Carvana (CVNA) shares rallied Monday after Wedbush decided the recent selloff had gone too far, upgrading the online used car retailer and setting a new Street-high price target of $400.
What's Driving the Upgrade
Wedbush analyst Scott Devitt lifted his rating to Outperform from Neutral, bumping the price target from $380 to $400. The catalyst? A 13% decline in shares that Devitt thinks doesn't reflect how well management has actually been executing.
Here's the thing: Carvana's stock is now trading near the bottom of its historical valuation range over the past two years, hovering around 22 times projected 2027 earnings. That looks cheap to Wedbush, especially given what's happening operationally.
Beating CarMax Ahead of Schedule
The most interesting development is that Carvana is now expected to overtake CarMax (KMX) in quarterly used unit volumes six months earlier than previously thought. According to Street estimates cited by Devitt, Carvana will deliver roughly 187,000 used vehicles in Q4 2026, compared to about 170,000 for CarMax. That's a pretty significant momentum shift.

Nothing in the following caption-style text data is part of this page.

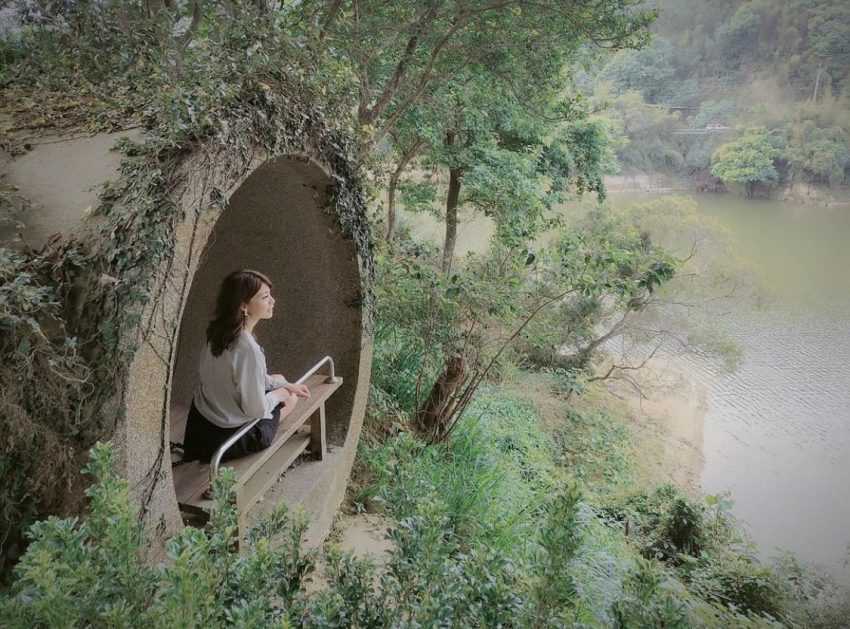 苗栗景觀餐廳 ｜日新島－水榭樓台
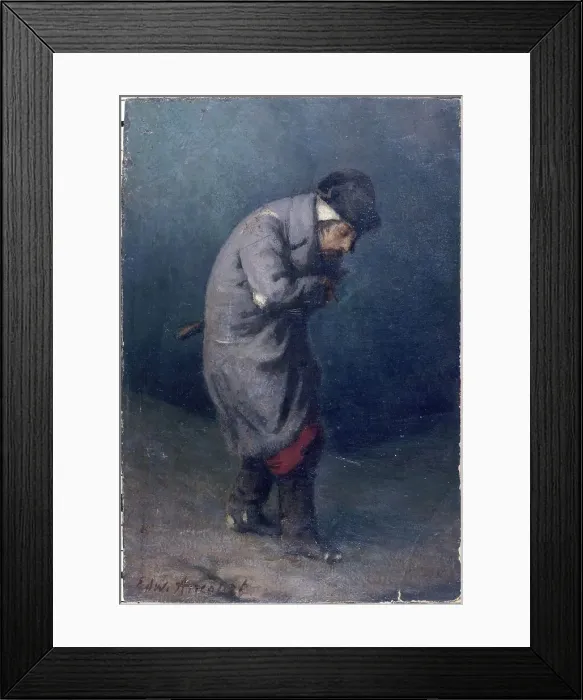 Framed Print : End of legend, c1872. Creator: Edward Ancourt Framed Print : End of legend, c1872. Creator: Edward Ancourt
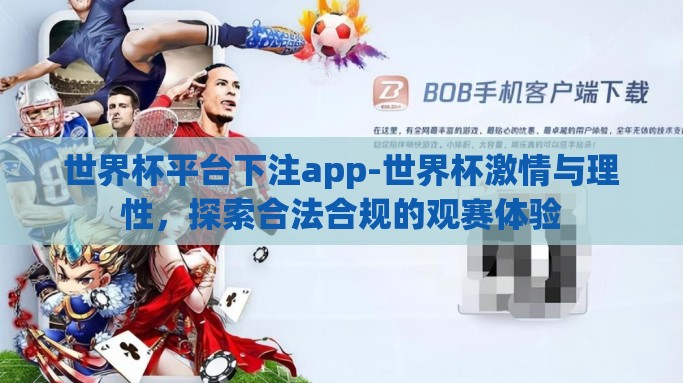 世界杯平台下注app-世界杯激情与理性，探索合法合规的观赛体验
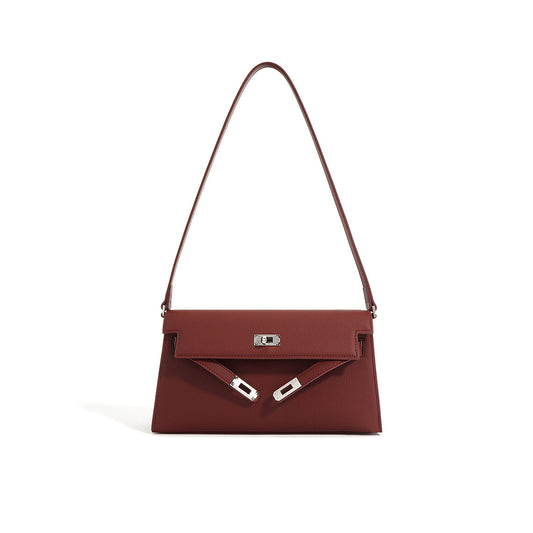 Leather Inspired Elan Shoulder Bag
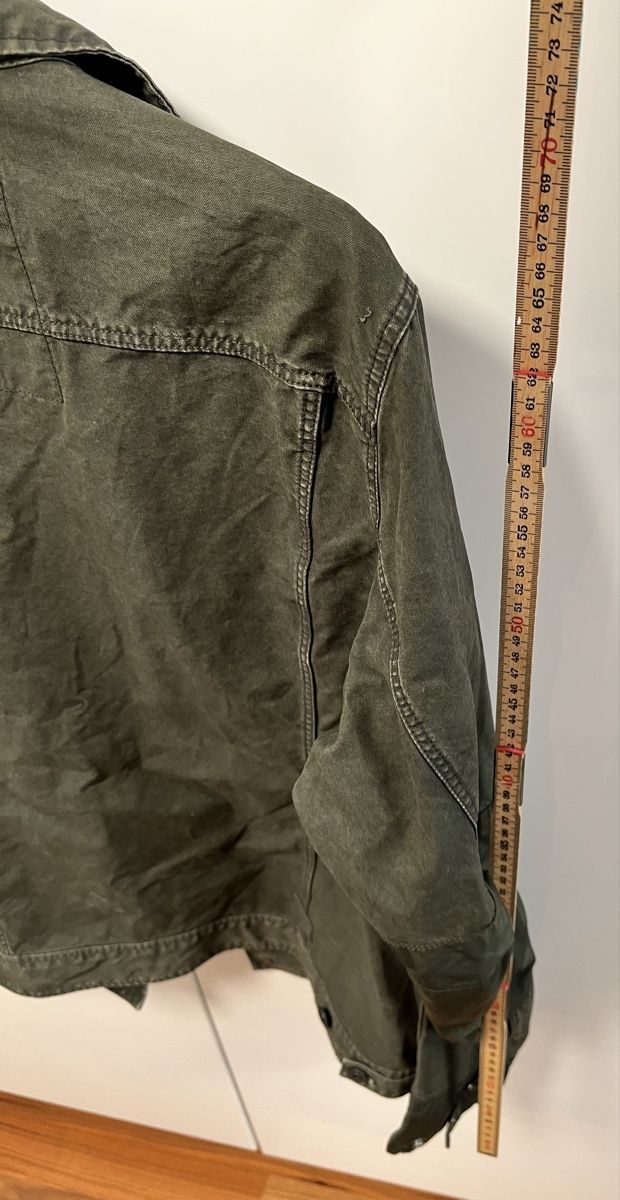 Giacche: Herren Militärjacke Baumwolle M – Usato da Sevelen venduto da Ritiplampi 4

Looking further out, Wedbush's base case has Carvana hitting three million annual retail unit sales by 2033, which would represent a compound annual growth rate of at least 23% through that year.
Margin Expansion and Credit Concerns
Carvana has been steadily improving its margins year-over-year, thanks to better gross profit per unit and tighter expense management. Wedbush expects adjusted EBITDA margins to climb toward 12% by 2027, putting the company on a clear path to management's longer-term target of 13.5% over the next five to ten years.
What about credit risk? Despite Carvana's expansion into lower-prime and subprime financing, Wedbush doesn't see much reason to worry about credit performance. The firm acknowledges that some investor anxiety has been tied to broader market jitters and weakness from peer CarMax, but doesn't think those concerns are justified for Carvana specifically.
Near-Term Numbers
For the fourth quarter, Wedbush now expects revenue of $5.2 billion with adjusted EBITDA of $535 million, translating to a 10.3% margin. That revenue figure would be up 46.4% year-over-year. For the full year, the firm is projecting $19.9 billion in revenue, a 45.6% jump from last year, powered by a 41.4% surge in used unit sales.
"Management has delivered robust growth for several quarters, and in the near-term, we see upside to current estimates," Devitt said.
Price Action: Carvana shares were up 5.91% at $328.20 at the time of publication on Monday.